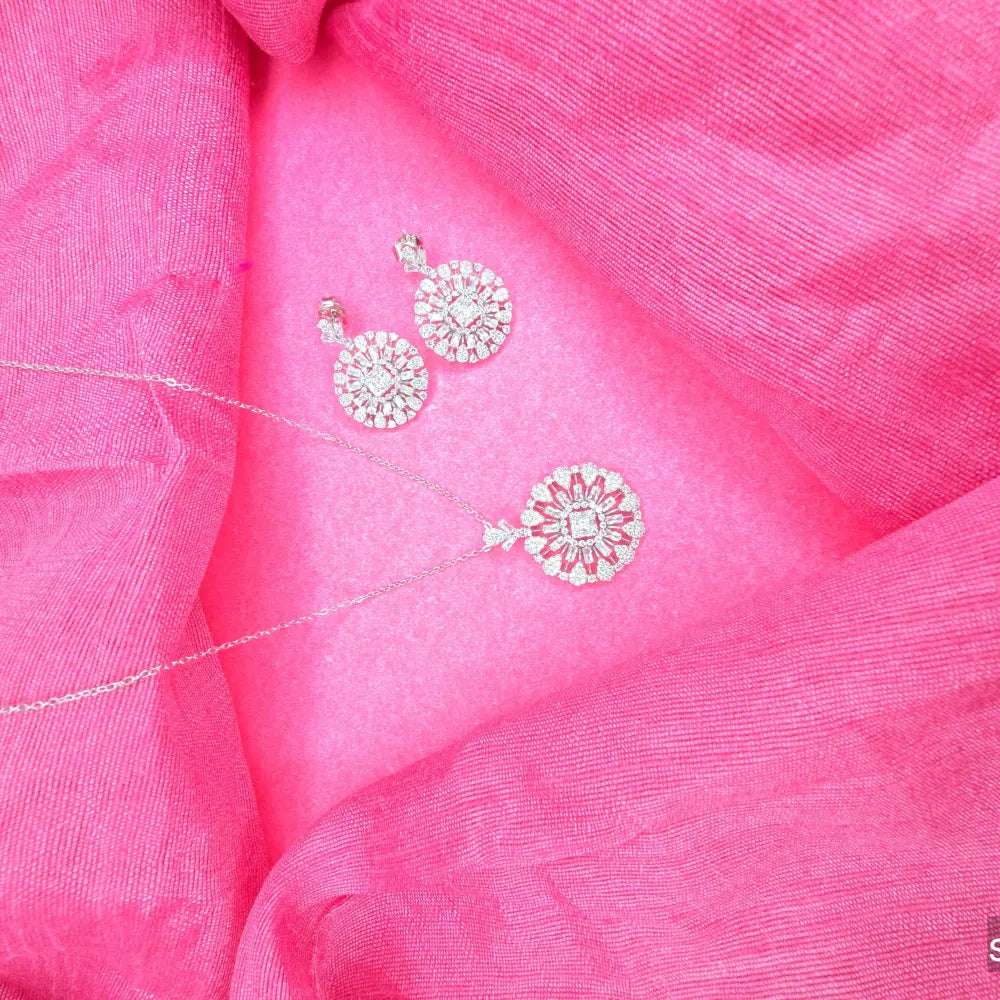 Elegant Diamond Pendant - Silvenca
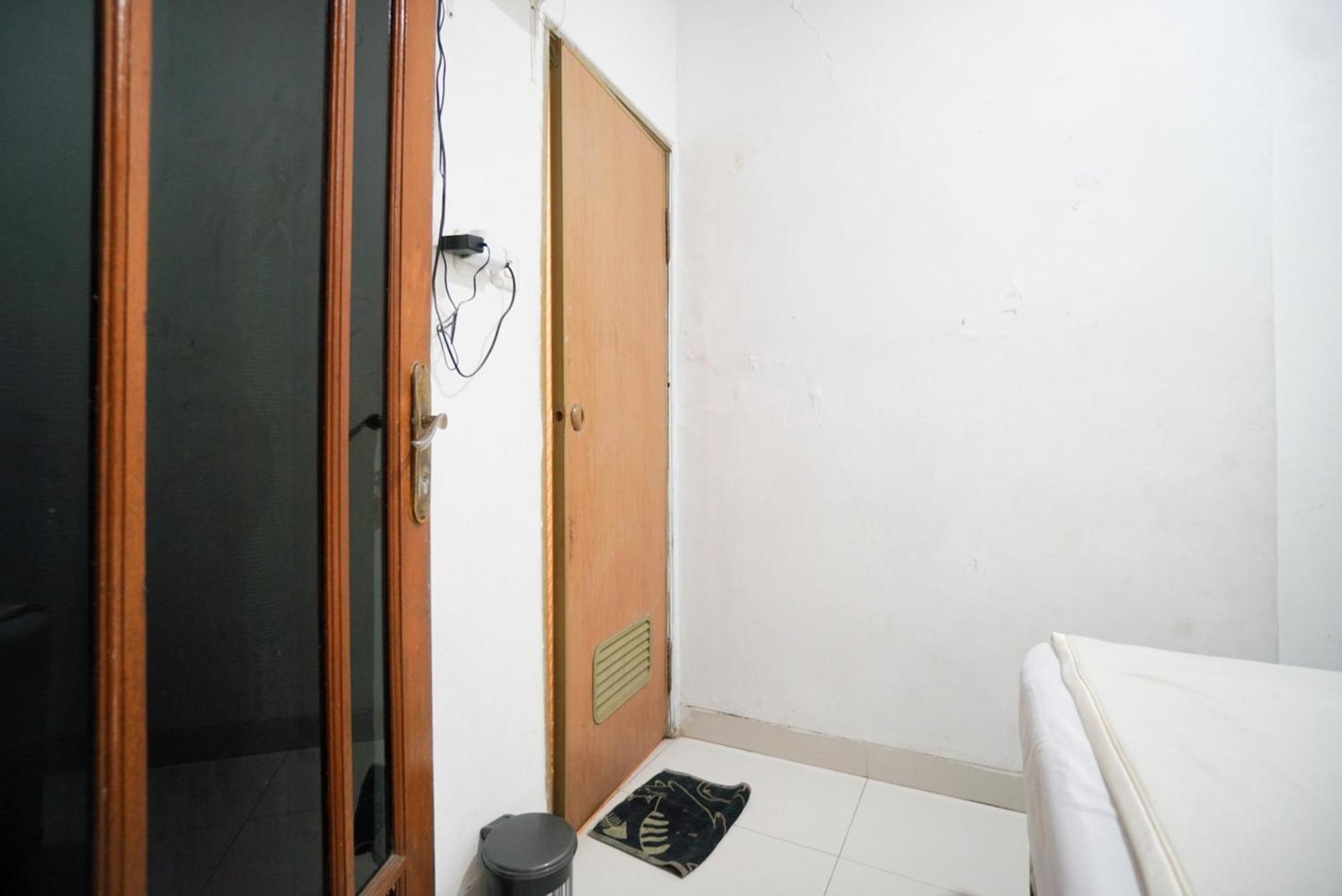 Griya Sawamah Syariah Mitra Reddoorz Hotel *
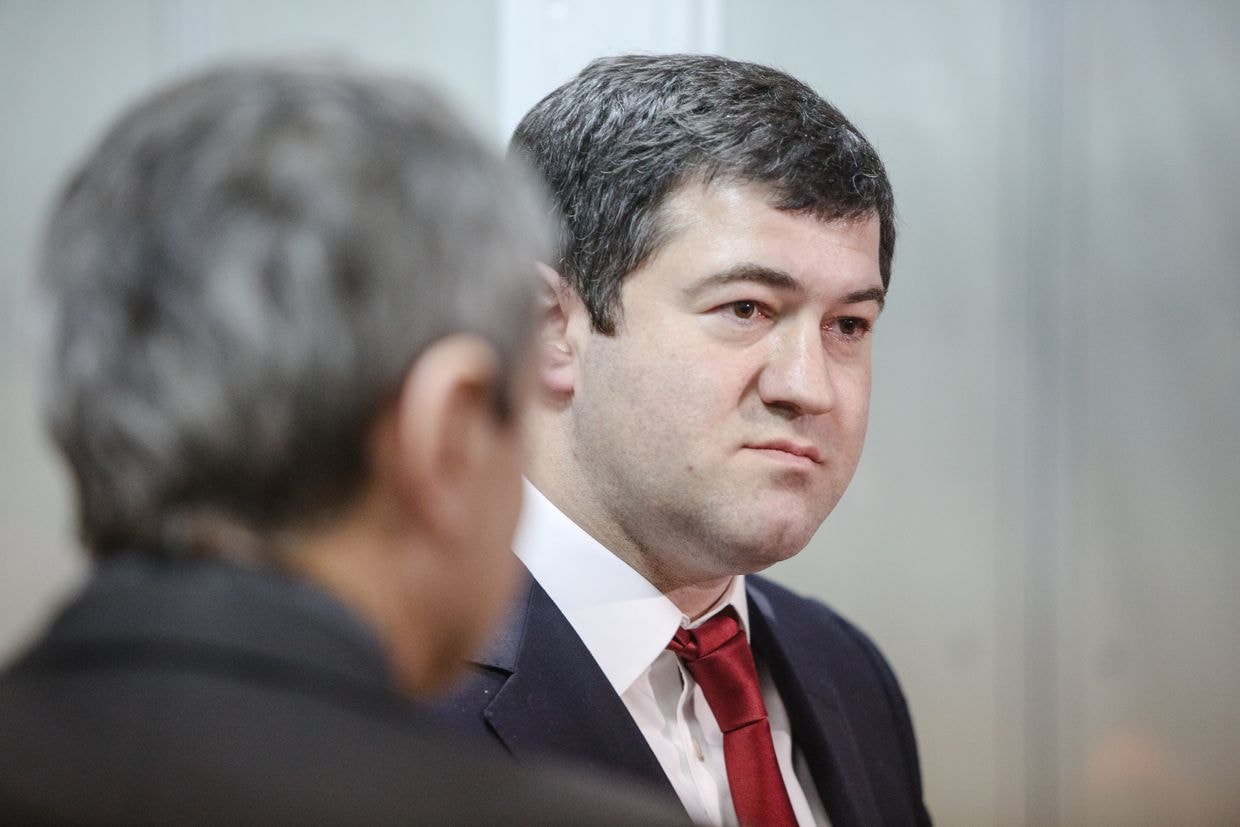 Investigators uncover alleged scheme to launder $22.5 million bribe for ex-top tax official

● ● ● ● ●

**AIM OF THE TASK:** From the first line to the last, output the data exactly; skip any pictures.

**EXERCISE SOLUTION:**
 Elegant Diamond Pendant - Silvenca
 Griya Sawamah Syariah Mitra Reddoorz Hotel *
 Investigators uncover alleged scheme to launder $22.5 million bribe for ex-top tax official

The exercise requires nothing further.